ウーーン、考えるにこの失敗はあそこにあった。よし次こそは。と意気込んでまた同じやり方で途中まで行く。今度は泡が立っている状態で瓶に詰めればいいんだ。で、その頃に瓶に詰めそして冷蔵庫へ。
待つこと今度は三週間。シアトルの日本料理屋で今度は披露。・・・栓をポン、泡がブクブクブク・・・・
ありゃりゃ、今度は泡が止まらない。なんだかシャンペンみたい。
でもマーサー2号はビールでなくALE、でもこの前のヤツより数段ビールだ。と言う感想をもらい気をよくして、よしマーサー3号に再挑戦だ。
ところが麦芽は残っていたがイーストがない。それに今までのホップはあまり苦くないので銘柄を買えよう。と意気込んでおなじ店に買いに行く。
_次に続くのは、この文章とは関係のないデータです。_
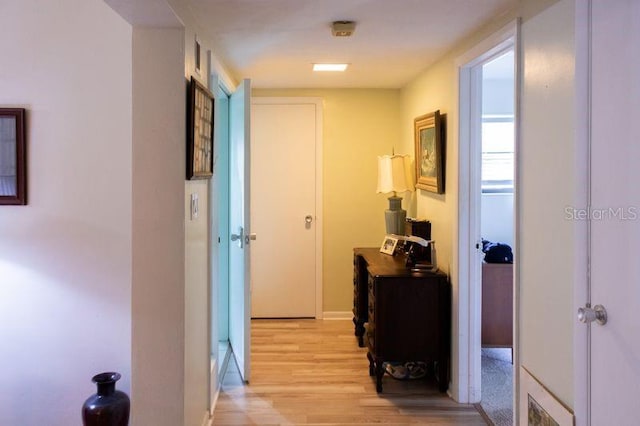 corridor featuring light wood-type flooring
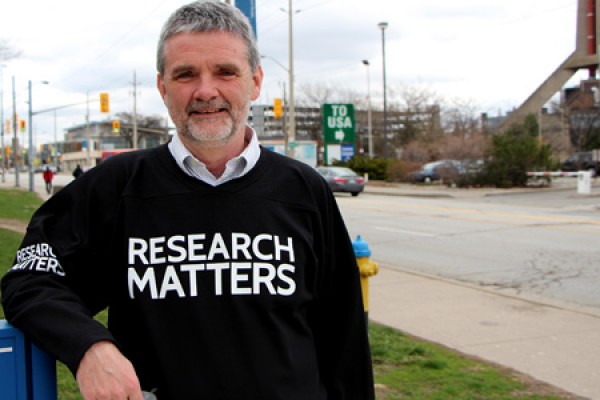 Bill Anderson wearing &quot;Research Matters&quot; shirt.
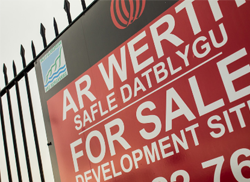 Sale-sign on fence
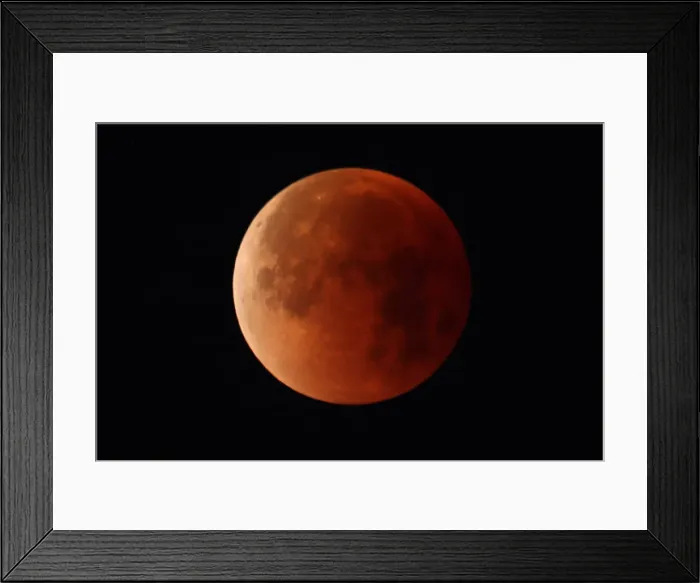Framed Print : A lunar eclipse of a full Blue Moon is seen in Santa Monica Framed Print : A lunar eclipse of a full Blue Moon is seen in Santa Monica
よし材料もみんな揃った、再々挑戦。同じ手順で途中まで。そして二日目。もう泡立っている。ありゃ今度は泡立つのが早いなーと思いながら瓶に詰める。今度は冷蔵庫に入れないでしばらく部屋の中に置いておいた。
一週間後。酔っぱらって帰ってきたその晩。部屋中がガラスの破片だらけになっていた。瓶が爆発したのだ。
奥さんからはマーサー2号飲みたかった・・・・なんていわれている。その後は怖いので挑戦していない。
今考えるに敗因は1号から3号まで2ヶ月近くあった。その間にまわりの気温はどんどん上がっていることを考慮しないでいたせいだろうと勝手に解釈している。